I was talking to the Husband about this at dinner tonight, and he said it's the same story he's been hearing since he was seven years old, and it goes all the way back to Pharaoh. The Jews run the world, control whatever, the economy, the media, in this case the foreign policy of the world's only superpower... I think it can be, and in this case is, that simple. It's just another "Jews have too much power" rant. What bothers me most is that with the next breath always comes, like day after night, something along the lines of an enslavement, a pogrom, an expulsion... a proposed Solution, if you will, of one sort or another.
So my reaction is this - the work is antisemitic, and it doesn't make much difference if that's by way of intent, or effect, or both. If The Professors weren't guilty of academic malpractice, if they hadn't bent and twisted the facts and abused accepted methodology in order to reach their conclusion, if they had made a true evidentiary case as befits their position, people might disagree with them but no one could possibly make such a pointed accusation as that of bigotry.

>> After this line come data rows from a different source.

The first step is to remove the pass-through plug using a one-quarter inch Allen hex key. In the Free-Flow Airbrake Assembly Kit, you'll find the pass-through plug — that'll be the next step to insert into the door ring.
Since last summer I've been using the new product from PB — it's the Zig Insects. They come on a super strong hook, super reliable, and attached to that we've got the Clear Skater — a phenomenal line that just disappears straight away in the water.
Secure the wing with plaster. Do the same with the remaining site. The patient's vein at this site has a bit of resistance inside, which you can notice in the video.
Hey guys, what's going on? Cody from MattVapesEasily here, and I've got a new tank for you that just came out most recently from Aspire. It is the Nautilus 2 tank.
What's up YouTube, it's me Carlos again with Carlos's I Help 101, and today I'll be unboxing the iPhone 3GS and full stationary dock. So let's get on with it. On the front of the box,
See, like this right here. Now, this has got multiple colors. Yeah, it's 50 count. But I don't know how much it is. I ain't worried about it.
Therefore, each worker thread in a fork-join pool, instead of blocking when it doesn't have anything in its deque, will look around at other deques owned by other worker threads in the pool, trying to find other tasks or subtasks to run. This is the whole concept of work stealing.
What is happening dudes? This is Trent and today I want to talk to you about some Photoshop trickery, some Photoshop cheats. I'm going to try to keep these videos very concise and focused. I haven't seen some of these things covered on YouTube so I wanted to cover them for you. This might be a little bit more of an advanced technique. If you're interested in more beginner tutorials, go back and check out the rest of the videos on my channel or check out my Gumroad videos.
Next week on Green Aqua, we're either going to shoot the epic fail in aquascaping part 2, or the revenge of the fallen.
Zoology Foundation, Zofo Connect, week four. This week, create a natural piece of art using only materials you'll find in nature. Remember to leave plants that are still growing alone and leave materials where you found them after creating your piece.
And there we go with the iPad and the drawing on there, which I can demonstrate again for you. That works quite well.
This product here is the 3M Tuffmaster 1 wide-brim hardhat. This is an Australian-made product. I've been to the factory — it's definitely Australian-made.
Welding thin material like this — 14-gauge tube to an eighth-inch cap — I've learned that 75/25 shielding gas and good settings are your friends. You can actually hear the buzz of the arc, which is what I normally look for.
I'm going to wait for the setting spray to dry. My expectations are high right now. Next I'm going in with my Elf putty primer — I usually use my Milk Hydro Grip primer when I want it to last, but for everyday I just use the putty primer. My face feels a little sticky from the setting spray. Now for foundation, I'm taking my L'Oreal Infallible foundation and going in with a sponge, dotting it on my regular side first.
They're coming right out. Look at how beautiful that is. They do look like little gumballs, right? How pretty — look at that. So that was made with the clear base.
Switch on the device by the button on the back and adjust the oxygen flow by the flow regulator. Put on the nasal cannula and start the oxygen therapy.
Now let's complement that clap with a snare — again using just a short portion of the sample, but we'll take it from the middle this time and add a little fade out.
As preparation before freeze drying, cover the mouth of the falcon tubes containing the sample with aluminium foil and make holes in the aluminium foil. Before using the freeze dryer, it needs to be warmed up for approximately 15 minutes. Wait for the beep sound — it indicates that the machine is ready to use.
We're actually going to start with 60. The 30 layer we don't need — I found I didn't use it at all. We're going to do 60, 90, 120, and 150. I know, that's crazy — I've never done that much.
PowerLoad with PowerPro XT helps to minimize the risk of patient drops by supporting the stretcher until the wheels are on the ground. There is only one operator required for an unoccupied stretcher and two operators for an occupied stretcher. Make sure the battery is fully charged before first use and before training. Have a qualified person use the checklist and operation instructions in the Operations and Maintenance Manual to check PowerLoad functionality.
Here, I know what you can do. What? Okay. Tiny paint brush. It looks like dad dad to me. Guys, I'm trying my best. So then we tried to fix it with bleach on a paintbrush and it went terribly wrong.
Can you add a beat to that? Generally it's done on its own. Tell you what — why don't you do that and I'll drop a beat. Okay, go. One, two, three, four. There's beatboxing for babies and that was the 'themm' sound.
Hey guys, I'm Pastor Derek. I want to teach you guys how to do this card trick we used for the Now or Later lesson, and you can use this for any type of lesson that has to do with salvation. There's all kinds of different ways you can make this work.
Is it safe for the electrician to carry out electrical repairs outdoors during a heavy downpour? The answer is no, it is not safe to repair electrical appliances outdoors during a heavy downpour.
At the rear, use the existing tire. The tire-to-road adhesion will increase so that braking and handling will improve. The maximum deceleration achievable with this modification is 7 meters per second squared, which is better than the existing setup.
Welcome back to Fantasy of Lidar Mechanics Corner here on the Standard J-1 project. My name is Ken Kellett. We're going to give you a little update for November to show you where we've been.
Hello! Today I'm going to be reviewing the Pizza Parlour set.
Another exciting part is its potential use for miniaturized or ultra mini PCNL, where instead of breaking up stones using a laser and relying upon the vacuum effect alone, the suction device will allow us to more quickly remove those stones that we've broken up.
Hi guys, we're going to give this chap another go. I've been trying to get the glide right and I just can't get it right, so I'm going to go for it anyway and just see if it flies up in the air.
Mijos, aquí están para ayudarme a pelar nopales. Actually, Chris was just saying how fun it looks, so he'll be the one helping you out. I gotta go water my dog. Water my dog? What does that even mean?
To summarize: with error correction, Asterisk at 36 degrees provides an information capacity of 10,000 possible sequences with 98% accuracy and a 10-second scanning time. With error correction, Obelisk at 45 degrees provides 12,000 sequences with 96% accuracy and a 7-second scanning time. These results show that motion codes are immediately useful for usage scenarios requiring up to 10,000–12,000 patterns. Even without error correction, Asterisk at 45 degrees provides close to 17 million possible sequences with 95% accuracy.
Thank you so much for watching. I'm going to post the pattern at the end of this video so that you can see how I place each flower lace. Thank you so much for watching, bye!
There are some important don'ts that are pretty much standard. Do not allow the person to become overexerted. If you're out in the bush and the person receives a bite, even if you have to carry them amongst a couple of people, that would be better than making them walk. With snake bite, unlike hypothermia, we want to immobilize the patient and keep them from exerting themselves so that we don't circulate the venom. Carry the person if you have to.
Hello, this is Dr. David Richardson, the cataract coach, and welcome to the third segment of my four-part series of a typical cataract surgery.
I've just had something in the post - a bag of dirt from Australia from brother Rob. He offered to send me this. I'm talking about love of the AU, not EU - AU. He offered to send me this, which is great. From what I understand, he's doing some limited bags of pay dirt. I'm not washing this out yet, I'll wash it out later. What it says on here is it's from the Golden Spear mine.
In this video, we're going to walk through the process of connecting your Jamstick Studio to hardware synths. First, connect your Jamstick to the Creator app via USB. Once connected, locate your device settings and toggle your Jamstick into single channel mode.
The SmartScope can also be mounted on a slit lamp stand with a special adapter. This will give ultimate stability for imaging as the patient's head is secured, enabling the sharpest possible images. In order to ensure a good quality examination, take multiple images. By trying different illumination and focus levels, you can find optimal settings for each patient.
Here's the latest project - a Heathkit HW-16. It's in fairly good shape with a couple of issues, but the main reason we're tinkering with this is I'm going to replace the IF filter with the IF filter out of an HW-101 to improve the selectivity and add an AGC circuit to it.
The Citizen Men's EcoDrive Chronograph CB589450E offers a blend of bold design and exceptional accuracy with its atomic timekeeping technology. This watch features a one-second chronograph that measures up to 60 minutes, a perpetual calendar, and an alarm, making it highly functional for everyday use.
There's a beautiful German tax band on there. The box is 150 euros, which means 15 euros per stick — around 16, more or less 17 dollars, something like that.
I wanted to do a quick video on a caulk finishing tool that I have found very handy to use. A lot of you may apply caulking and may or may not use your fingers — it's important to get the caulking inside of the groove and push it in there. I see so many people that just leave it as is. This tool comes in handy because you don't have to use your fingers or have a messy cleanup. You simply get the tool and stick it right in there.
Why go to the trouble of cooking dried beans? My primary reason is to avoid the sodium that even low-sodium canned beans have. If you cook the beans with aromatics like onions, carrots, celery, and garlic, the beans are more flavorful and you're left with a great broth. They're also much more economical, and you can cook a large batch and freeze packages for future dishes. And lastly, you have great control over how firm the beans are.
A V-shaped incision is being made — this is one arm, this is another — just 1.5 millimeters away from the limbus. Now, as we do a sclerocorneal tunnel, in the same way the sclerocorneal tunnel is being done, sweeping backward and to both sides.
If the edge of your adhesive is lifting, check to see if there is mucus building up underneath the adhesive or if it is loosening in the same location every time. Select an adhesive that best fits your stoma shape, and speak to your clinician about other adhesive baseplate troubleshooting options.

It is apparent -and utterly sickening- to me that these highly influential men are infected with classic, pedestrian antisemitism. It is rearing its ugly head in our time, in our generation, in our society, in our country, in our most noble institutions. And because antisemitism is highly contagious and deeply resonant, I cannot but dread the ripple effects of what might have been, in some other context, just an inconsequential bad piece of work. I think we can all agree, and perhaps The Professors will be happy to hear, that their essay is - at least potentially - highly consequential.
While Walt and Mearsheimer seem to have failed to show that supporters of Israel have placed the security of the United States in jeopardy, they may very well have succeeded in putting the Jewish people at greater risk of peril ... in America.
We'll have to see, but I do not think the "next breath" can be too far behind.
UPDATE(S):
CAMERA reports that Harvard is backing away from The Professors.
OTOH, the Saudi Arab News gives the essay a positive review. It describes Walt and Mearsheimer as "two of America's top scholars," "leading figures in American academic life" and "recognized American authorities" and says they have published "a blazing attack on the power of the pro-Israel lobby in the United States."